The term social innovation was coined after the inadequacies of the two popular rallying points, social enterprise and social entrepreneurship, to fully create and spur social change in its manifestations. Critics argue that the term social innovation is more encompassing and a better suited vehicle to communicate social change.
This is because social innovations can be created by individuals, organization or groups; they also fall into various categories ranging from non-profit, profit driven and public sector controlled. However, recent trends show that they are also happening in between these different sectors to come up with more holistic ideas. This can be attributed to the fact that social change demands wide cross sector coordination, and not independent interventions of individual groups.
Due to the problem of lacking a clear definition it has several applications. For instance it can refer to development of social processes of innovation like crowd sourcing and online social networks. On the other hand it can refer to development of innovations with a social purpose, like distance learning and micro-credit. The term in other instances can refer to social entrepreneurship which entails innovation of affordable products and services that have positive impact on the society. Social innovation has also found its way in the academia, government and public policy, a clear indication of its cross cutting capabilities.
Given the dynamic nature of social innovation it completely revolutionized the way governments and businesses interrelate and the roles they play towards promoting social change. Traditionally governments played the antagonistic role of taxer and regulator, whereas the social change was solely left to businesses corporate relations department and non profit organizations. The trend has changed as there are more collaboration between businesses and government, and government and nonprofit organizations to foster social endeavors.

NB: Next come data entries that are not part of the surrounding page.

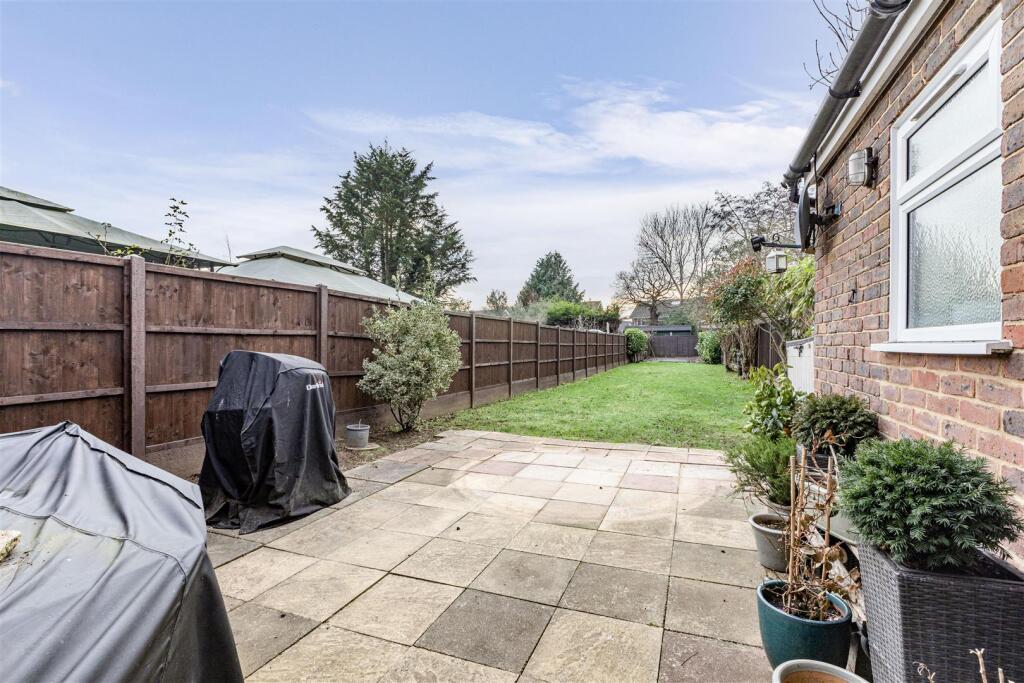 7 Cornwall Avenue, KT14 7EX - 8.jpg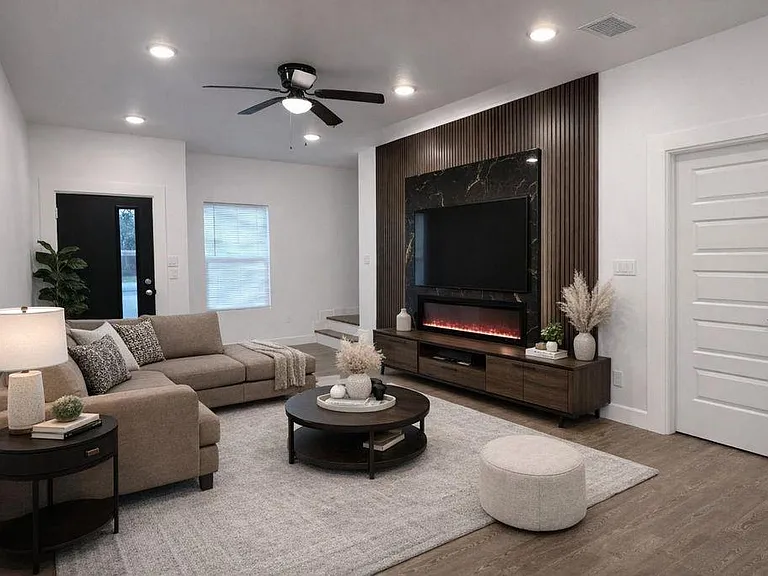 8141 Jeffery St #A — Photo 4
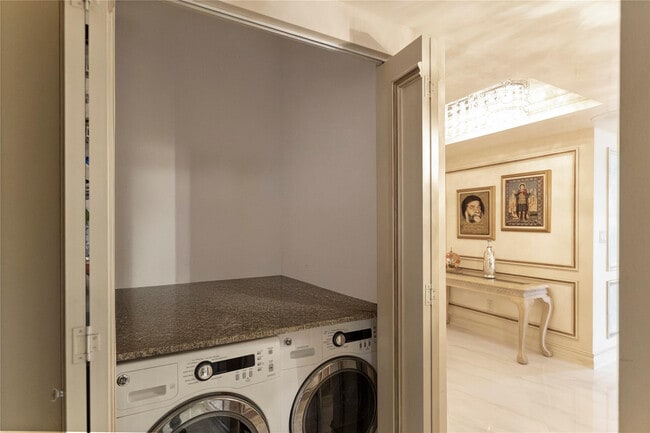 Building Photo - 2917 S Ocean Blvd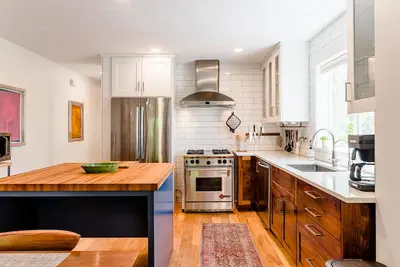 Bright newly remodeled Townhouse with fenced backyard!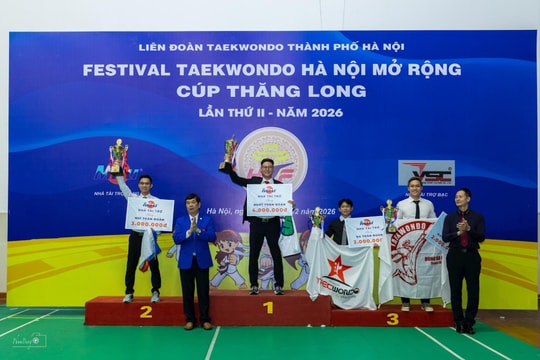 Trao giải toàn đoàn tại Festival Taekwondo Hà Nội mở rộng - Cúp Thăng Long 2026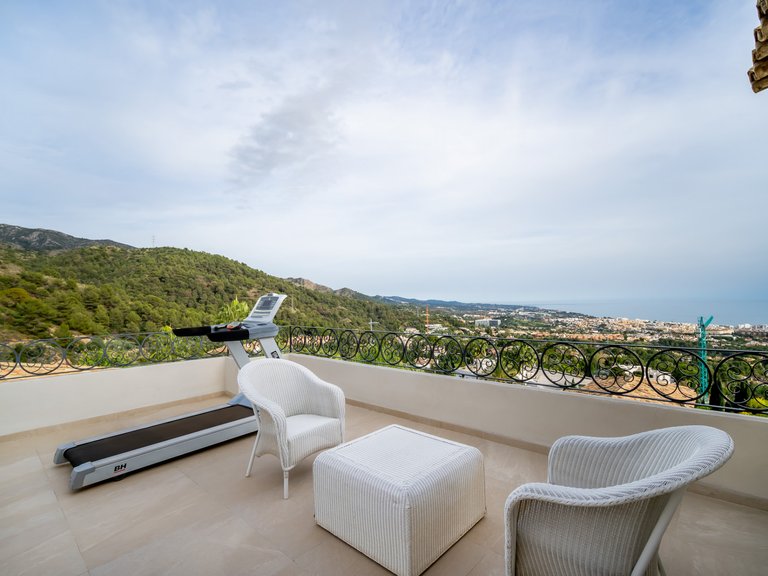 Apartment for Sale  in Marbella, Malaga 18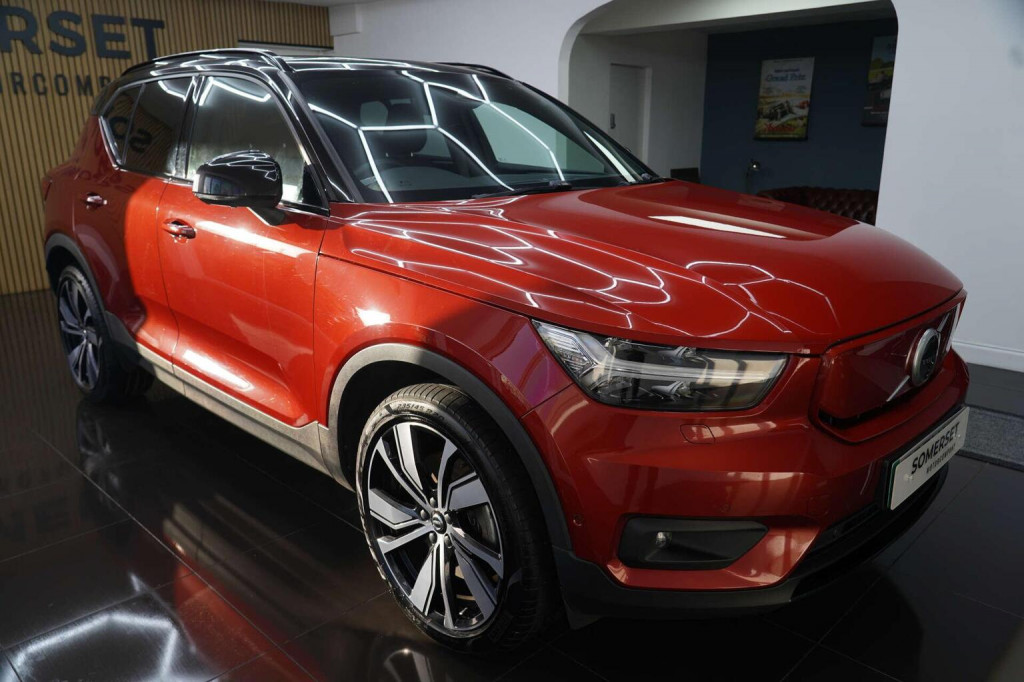 VOLVO XC40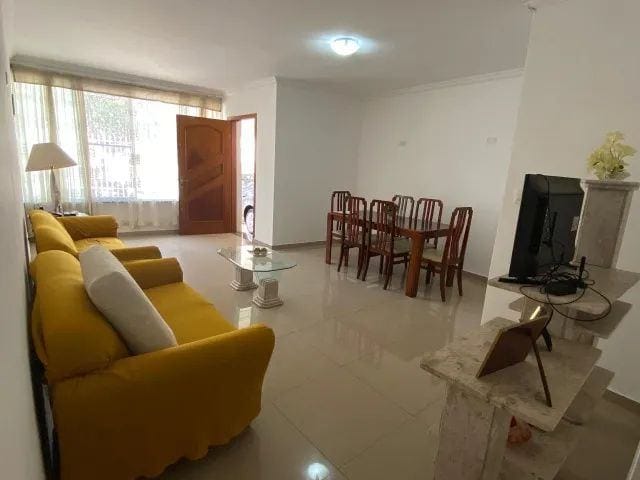 Casa, 3 quartos, 241 m² - Foto 1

This pragmatic shift in relationship and roles can be credited to the success of some social innovations, like emission trading. Emission trading is one of the avenues of addressing climate change that decentralizes decisions about how and when to cut carbon emissions. The government is mandated to set a central authority that sets limits or caps of carbon emissions to different companies. In case a company reduces its carbon emission it can sell carbon credits to companies needing to pollute more. Nonprofit organizations are instrumental in the emission trading process as they provide technical assistance by monitoring and assessing the emission reduction rates of various companies. This symbiotic relationship between these different parties is the true hall mark of the success of emission trading as a social innovation.
A common feature of many social innovations is creation of new business models that serve the marginalized population in the society. The business models can either profit based or nonprofit but they must be sustainable in the long term. These business models are designed to have low cost structures, efficient delivery systems, and often blend non market and market approaches. These new business models are rife with tensions as a result of the numerous trade-offs they make. Nevertheless, they overcome many hindrances and barriers common with profit or nonprofit organizations when it comes with dealing with social needs and problems.
It is important to recognize the fact most social problems can’t be fully understood and solved without the three key players working in harmony. Social innovations blossom and grow whenever these sectors operate in harmony. It’s only through this that ideas can be exchanged freely, responsibilities and roles defined, and formation of public-private partnerships enhanced all geared towards social change.
The impact of social innovation on modern governance and leadership is more profound. It captures not only the end to a social problem but also the means to achieving this noble goal. Leaders and policy makers involved in creating social innovations need to look beyond the blinding facades of social enterprise and social entrepreneurship. The approach should be to broaden the scope as everyone is an agent of social change.